> _Task data_:
..............................

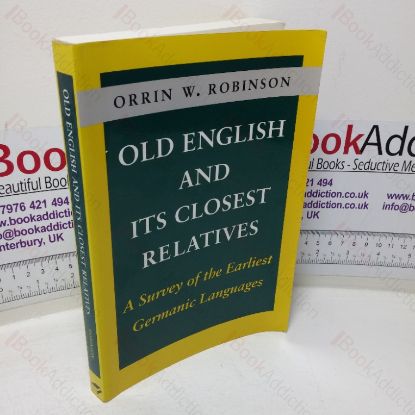 Picture of Old English and its Closest Relatives: A Survey of the Earliest Germanic Languages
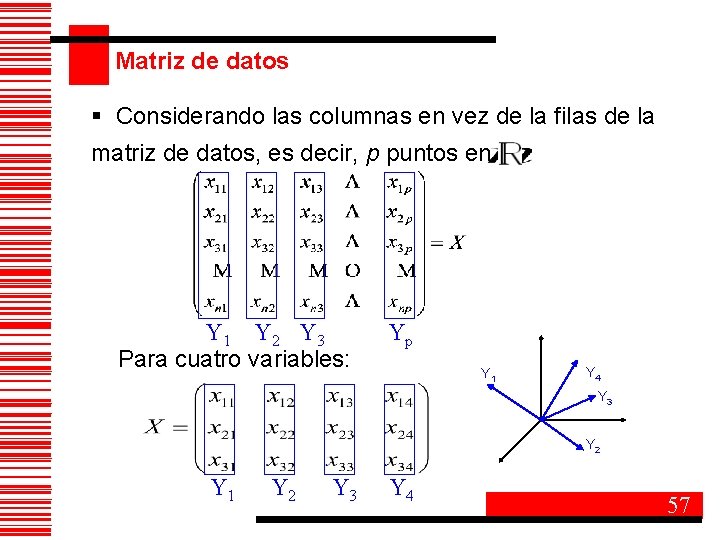 Matriz de datos § Considerando las columnas en vez de la filas de la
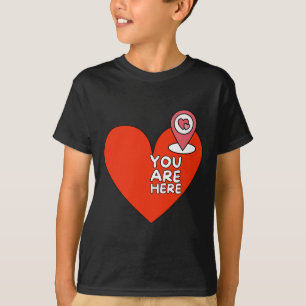 You Are Here Location Red Heart Cute Valentine Rel T-Shirt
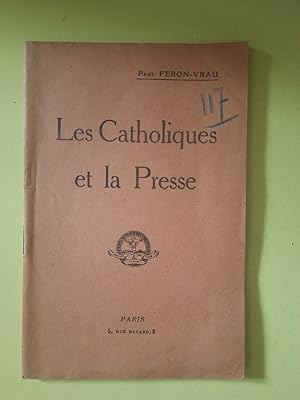 Seller image for Les Catholiques et la Presse for sale by Dmons et Merveilles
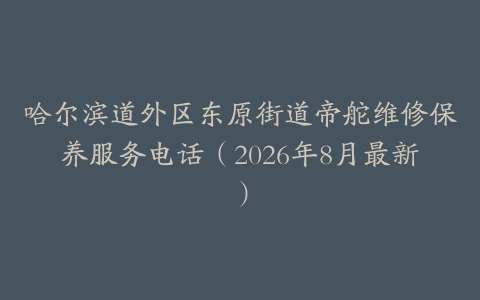 哈尔滨道外区东原街道帝舵维修保养服务电话（2026年8月最新）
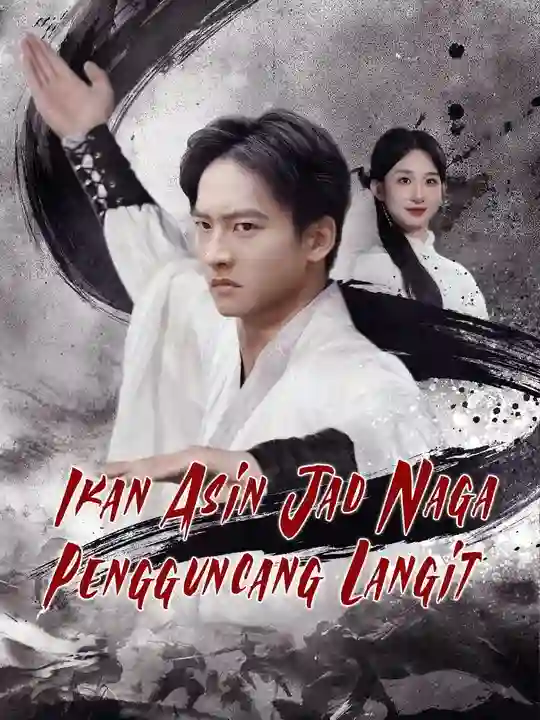 Nonton Ikan Asin Jad Naga Pengguncang Langit Subtitle Indonesia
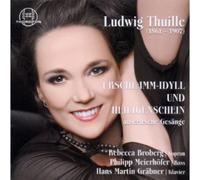 Rebecca Broberg; Philipp Meierhoefer; Hans Martin Graebner; Pianopianissimo-Musikth - Thuille: Songs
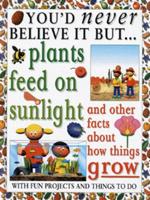 You'd Never Believe It but Plants Feed on Sunlight and Other Facts About How Things Grow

..............................

Each line from the one that holds "You Are Here" through the end of the material should be repeated exactly, and nothing more. Leave out any picture.

 You Are Here Location Red Heart Cute Valentine Rel T-Shirt
 Seller image for Les Catholiques et la Presse for sale by Dmons et Merveilles
 哈尔滨道外区东原街道帝舵维修保养服务电话（2026年8月最新）
 Nonton Ikan Asin Jad Naga Pengguncang Langit Subtitle Indonesia
 Rebecca Broberg; Philipp Meierhoefer; Hans Martin Graebner; Pianopianissimo-Musikth - Thuille: Songs
 You'd Never Believe It but Plants Feed on Sunlight and Other Facts About How Things Grow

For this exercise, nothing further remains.